Kandel’s Nobel Prize-winning research on learning and memory relied heavily on the observation of the Aplysia californica, a sea slug with only 20,000 large neurons. Limiting the complexity of the system he studied allowed him to better understand the much more complicated human nervous system, which has approximately 100-billion neurons.

He believes that modern art benefits from the same type of reductionism because it allows the brain to focus on top-down processing, which creates responses tied to the viewer’s past experiences, rather than bottom-up processing, which creates responses based on the viewer’s understanding of what is portrayed.

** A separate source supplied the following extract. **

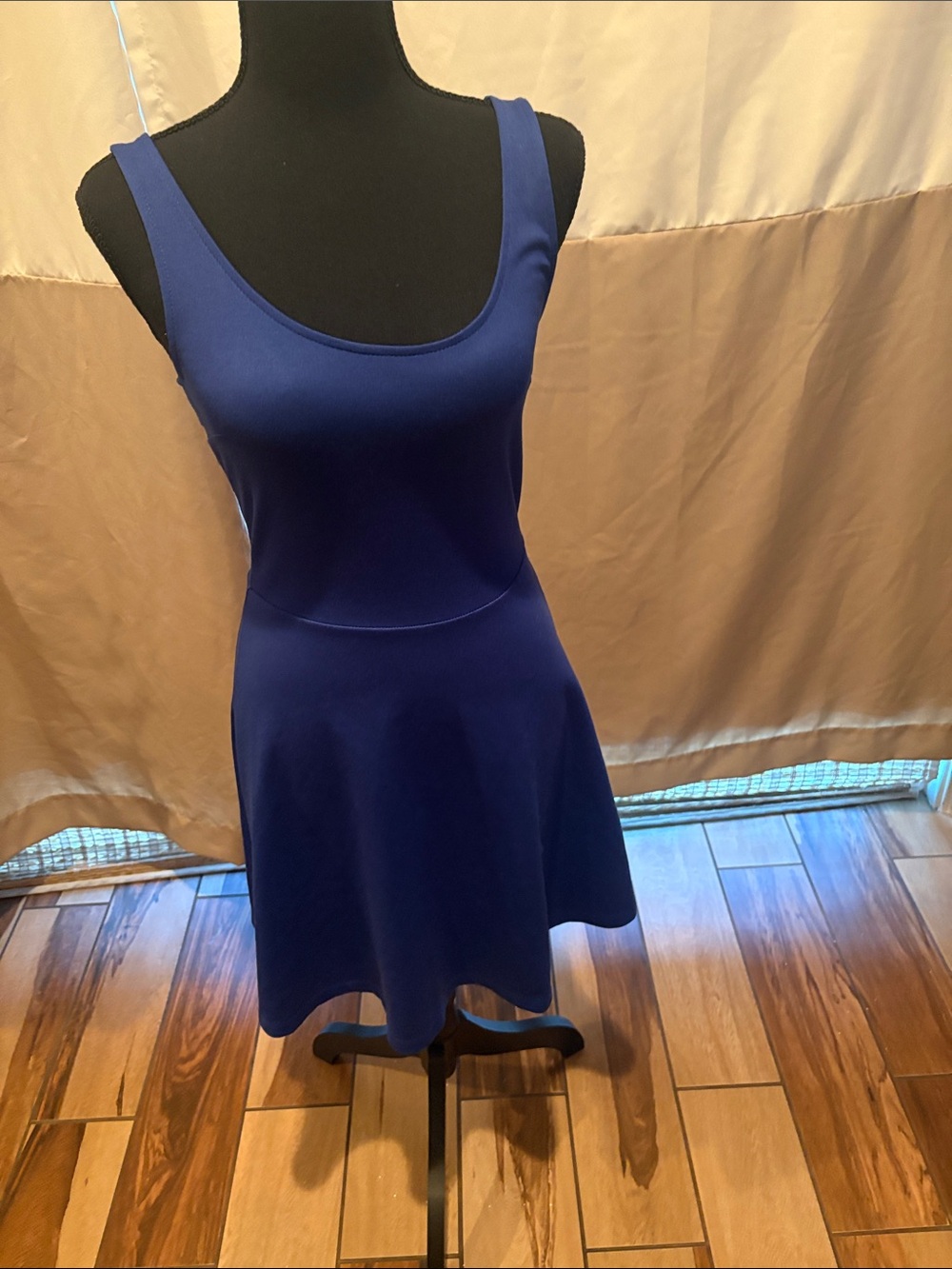 H&M Royal Blue Scoop Neck Mini Dress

Removing detail that carries a set meaning allows the viewer a more reflective experience.  In a recently published short excerpt of the book Kandel describes this shift in focus:

In abstract painting, elements are included not as visual reproductions of objects, but as references or clues to how we conceptualize objects. In describing the world they see, abstract artists not only dismantle many of the building blocks of bottom-up visual processing by eliminating perspective and holistic depiction, they also nullify some of the premises on which bottom-up processing is based. We scan an abstract painting for links between line segments, for recognizable contours and objects, but in the most fragmented works, such as those by Mark Rothko, Dan Flavin, and James Turrell, our efforts are thwarted.

Thus the reason abstract art poses such an enormous challenge to the beholder is that it teaches us to look at art—and, in a sense, at the world—in a new way. Abstract art dares our visual system to interpret an image that is fundamentally different from the kind of images our brain has evolved to reconstruct.